Repositionnement stratégique suite à la crise

Suite à la crise du secteur des années 2001-2002, L’île des Médias a opéré un virage stratégique en repositionnant l’essentiel de ses activités sur le créneau élargi d’agence web. A l’origine le concept des agences web a émergé lors du mouvement de création des sites institutionnels par des entreprises de secteurs divers. Il s’agissait de prestataires de services qui assuraient la création et l’entretien de tels sites. Par la suite, certaines agences web ont étendu leurs activités vers une expertise éditoriale consistant à produire un contenu rédactionnel régulièrement renouvelé pour les sites institutionnels. Dans le contexte des relations publiques généralisées, la demande pour des contenus d’information sur mesure de la part d’entreprises et d’institutions s’est considérablement accrue. C’est sur ce terrain que L’île des Médias s’est progressivement repositionnée dans son processus de recherche de créneaux d’activité rentables sur l’internet. Les compétences dans ce domaine ont été acquises au fur et à mesure que l’activité prenait de l’importance au sein de la société.

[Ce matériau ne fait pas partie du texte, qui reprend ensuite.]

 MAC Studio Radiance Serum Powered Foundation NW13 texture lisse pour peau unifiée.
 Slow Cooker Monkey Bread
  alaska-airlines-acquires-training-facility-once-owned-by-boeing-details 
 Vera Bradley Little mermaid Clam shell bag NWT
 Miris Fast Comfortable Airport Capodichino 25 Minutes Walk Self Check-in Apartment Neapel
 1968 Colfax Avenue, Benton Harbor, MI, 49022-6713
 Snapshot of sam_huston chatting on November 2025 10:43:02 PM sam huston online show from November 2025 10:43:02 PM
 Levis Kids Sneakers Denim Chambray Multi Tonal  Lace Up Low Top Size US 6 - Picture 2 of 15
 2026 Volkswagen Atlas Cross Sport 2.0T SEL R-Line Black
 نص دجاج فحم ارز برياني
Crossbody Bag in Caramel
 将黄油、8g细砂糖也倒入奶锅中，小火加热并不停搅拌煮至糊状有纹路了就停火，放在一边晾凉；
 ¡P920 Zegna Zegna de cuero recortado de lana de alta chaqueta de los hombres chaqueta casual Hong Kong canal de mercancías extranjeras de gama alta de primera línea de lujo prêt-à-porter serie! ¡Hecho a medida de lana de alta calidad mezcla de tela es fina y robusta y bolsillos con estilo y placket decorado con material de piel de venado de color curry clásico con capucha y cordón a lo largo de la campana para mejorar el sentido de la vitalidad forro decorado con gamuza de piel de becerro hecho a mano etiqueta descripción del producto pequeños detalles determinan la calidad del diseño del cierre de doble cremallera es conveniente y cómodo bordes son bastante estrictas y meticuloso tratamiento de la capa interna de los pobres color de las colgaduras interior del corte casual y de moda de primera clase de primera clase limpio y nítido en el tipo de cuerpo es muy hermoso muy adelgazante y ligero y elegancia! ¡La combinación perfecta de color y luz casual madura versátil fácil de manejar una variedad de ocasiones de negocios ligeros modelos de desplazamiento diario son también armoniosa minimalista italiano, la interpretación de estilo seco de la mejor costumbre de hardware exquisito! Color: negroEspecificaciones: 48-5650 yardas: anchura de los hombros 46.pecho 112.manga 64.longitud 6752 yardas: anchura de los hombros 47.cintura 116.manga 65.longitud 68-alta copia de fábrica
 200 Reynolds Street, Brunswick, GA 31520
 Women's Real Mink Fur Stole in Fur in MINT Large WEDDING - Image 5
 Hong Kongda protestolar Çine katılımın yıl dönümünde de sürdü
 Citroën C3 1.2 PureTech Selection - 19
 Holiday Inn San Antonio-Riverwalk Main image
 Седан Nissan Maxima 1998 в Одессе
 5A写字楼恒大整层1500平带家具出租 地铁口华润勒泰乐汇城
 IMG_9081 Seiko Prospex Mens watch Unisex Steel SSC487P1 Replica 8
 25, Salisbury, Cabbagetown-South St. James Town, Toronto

« C’est un peu le résultat de la demande de clients, qui parfois vous disent : écoutez je suis en train d’orienter mon activité différemment ou au contraire j’ai besoin de ça, de tel outil. En l’occurrence c’est quelque chose qu’on ne faisait pas avant à L’île des Médias et vous avez un client qui vous en fait part. Donc à partir de là vous réfléchissez, vous lui proposez de solutions et vous vous rendez compte qu’en lui apportant la solution vous mettez les pieds sur un terrain sur lequel vous n’aviez pas encore d’activité définie. Si ça marche, et bien vous développez cette activité-là, c’est comme ça que vous étendez les compétences et la typologie de métiers que vous avez dans l’entreprise ». Aurélien Inard, directeur de la production, L’île des Médias, novembre 2003 

Les prestations de web agency éditoriale assurées par la société incluent en 2005 la réalisation de la charte graphique d’un site internet, son développement informatique, son hébergement ainsi que son positionnement marketing. Mais aussi la production de contenu sur mesure, l’achat de mots-clés et le référencement sur les outils de recherche, la mesure et l’analyse d’audience, la sécurisation des échanges et le paiement en ligne. Autrement dit, la société assure toute la chaîne de sous-traitance d’un site internet selon les besoins de ses clients. Ses principaux secteurs d’activités sont le commerce électronique, la communication institutionnelle et financière, les sites de marque et les journaux d’entreprise en ligne. La gamme de services proposés est complétée par une prestation de production vidéo, avec la prise de vue, la réalisation de reportages ou interviews et leur diffusion sur l’internet. La production de contenus éditoriaux sur mesure se fait en deux étapes et en étroite collaboration avec les clients. Par ailleurs, L’île des Médias assure tout le processus de gestion du contenu avec la mise à jour régulière de l’information sous des formats différents, ce qui accroît la visibilité du site institutionnel, notamment auprès des moteurs de recherche.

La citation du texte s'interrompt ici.